During the engagement of this day I lost many valuable officers and men. In the attack on the enemy on of my best and most, gallant regimental commanders fell dead as he advanced to the enemy's works. It was Major Williard G. Eaton, Thirteenth Michigan Veteran Volunteer Infantry. His country and friends will long mourn his death, for he was brave, good man, loved by all who knew him.

Captain Prince, commanding Twenty-First Michigan, and Captain Rarick, commanding Sixty-ninth Ohio, behaved gallantly and with much credit to themselves. The officers and men of my command throughout have my thanks for their good conduct.

I am much indebted to my staff and orderlies for their efficient service and good conduct on the field-Captain T. G. Stevenson, acting assistant adjutant-general; G. M. Rowe, captain and provost-marshal; Lieutenant H. D. Ludden, acting inspector-general; Major John Avery, surgeon-in-chief; Captain A. E. Barr, acting commissary of subsistence; Lieutenant F. Louthan, acting quartermaster. Orderlies: Corps David L. McNutt, Corpl. George Hilliard, and Privates James M. Laboyteaux, William R. Mahood, Marmaduke Welphy, and Michael Ayers. Of the orderlies I would more particularly mention my bugler, William A. Worley, and my private orderly James M. Laboyteaux.

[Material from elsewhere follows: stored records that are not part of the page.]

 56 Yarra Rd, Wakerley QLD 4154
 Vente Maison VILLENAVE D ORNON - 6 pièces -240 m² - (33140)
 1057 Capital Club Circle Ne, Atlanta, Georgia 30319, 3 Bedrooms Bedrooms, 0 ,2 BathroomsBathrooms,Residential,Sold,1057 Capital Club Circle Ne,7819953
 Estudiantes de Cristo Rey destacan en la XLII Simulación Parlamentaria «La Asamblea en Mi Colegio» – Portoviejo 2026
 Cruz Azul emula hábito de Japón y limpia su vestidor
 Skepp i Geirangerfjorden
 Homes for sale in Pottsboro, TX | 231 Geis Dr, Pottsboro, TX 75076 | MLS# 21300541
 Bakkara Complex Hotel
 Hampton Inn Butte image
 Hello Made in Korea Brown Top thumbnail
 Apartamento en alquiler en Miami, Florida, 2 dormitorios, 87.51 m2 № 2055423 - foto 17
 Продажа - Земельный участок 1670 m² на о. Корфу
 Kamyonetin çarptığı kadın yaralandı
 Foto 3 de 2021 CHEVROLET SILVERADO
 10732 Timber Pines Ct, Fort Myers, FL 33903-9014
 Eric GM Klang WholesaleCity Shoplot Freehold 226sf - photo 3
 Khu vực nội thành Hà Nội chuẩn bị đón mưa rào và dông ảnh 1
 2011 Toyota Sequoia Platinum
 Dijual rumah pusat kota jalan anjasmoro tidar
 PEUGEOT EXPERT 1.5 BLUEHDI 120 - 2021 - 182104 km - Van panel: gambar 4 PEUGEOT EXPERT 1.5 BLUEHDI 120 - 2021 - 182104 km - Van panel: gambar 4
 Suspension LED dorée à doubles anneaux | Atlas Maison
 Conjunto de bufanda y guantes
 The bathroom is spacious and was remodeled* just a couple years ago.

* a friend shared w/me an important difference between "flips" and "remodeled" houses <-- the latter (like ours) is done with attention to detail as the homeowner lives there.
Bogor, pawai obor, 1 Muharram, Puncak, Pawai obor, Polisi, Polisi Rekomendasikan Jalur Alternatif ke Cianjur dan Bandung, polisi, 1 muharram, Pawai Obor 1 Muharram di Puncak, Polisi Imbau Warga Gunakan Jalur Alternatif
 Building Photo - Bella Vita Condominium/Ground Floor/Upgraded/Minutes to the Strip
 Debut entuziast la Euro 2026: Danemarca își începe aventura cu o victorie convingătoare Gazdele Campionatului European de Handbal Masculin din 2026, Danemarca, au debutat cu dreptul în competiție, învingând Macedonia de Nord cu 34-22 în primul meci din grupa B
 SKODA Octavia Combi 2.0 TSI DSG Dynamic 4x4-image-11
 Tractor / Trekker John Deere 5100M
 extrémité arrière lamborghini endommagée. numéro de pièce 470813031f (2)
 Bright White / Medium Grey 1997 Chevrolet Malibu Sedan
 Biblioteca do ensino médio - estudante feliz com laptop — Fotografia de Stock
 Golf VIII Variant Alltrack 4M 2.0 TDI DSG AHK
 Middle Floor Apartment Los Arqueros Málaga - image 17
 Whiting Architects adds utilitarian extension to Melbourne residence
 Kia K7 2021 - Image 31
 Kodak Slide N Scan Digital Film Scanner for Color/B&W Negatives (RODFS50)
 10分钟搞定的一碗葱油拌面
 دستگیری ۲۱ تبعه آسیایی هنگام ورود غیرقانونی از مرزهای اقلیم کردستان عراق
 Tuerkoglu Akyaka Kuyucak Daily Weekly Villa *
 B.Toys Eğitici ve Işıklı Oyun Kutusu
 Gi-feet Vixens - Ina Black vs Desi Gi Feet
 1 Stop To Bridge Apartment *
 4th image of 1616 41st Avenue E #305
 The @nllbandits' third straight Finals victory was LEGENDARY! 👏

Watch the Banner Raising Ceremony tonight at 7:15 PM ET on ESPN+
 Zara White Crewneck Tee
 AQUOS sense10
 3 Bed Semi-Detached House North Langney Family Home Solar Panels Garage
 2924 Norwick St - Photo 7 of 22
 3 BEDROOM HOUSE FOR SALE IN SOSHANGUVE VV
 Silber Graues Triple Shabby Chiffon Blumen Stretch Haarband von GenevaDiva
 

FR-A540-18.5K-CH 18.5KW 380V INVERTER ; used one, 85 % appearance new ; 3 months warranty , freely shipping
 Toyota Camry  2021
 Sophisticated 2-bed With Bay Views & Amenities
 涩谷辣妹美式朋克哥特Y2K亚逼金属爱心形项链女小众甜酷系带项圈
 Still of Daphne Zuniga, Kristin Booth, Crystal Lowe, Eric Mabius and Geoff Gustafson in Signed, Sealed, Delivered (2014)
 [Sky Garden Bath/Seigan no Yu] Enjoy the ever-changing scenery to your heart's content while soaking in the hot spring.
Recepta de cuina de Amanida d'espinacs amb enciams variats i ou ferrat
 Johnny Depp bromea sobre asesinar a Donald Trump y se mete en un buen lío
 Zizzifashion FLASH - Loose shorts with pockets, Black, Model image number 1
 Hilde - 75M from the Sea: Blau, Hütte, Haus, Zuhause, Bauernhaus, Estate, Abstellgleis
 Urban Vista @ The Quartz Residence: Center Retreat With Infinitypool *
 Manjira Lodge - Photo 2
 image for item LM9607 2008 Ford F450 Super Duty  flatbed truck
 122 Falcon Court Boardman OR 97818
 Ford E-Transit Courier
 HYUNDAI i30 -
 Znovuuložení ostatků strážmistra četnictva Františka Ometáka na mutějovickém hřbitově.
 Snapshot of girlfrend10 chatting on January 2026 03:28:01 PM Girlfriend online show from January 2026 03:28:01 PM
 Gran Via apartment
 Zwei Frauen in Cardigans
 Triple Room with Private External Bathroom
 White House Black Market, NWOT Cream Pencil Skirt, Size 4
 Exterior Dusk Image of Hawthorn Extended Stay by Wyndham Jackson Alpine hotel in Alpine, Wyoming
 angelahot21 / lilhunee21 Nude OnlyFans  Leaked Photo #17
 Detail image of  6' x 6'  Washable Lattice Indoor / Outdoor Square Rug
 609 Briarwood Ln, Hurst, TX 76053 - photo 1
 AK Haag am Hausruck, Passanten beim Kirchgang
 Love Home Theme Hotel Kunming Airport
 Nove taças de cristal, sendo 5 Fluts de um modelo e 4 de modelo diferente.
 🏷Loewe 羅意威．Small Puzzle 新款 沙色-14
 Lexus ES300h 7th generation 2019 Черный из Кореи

March 20, moved forward at 7 a.m., taking up position on the right of the Twentieth Corps and in rear of First Brigade. March 21, remained in the position of yesterday. March 22, the enemy having fallen back during the night the march was resumed on the Goldsborough road; made nine miles and encamped at 5 p.m. March 23, marched at 6 a.m. ; crossed the Neuse River on pontoon bridge and entered Goldsborough at 2 p.m. Passed through the city and went into camp two miles north 4 p.m., marching fourteen miles.

All of which is respectfully submitted.

I am, captain, very respectfully,

GEO. P. BUEL,

Brevet Brigadier-General, Commanding.

Captain J. E. EDMONDS,

Actg. Asst. Adjt. General, First Div., Fourteenth Army Corps.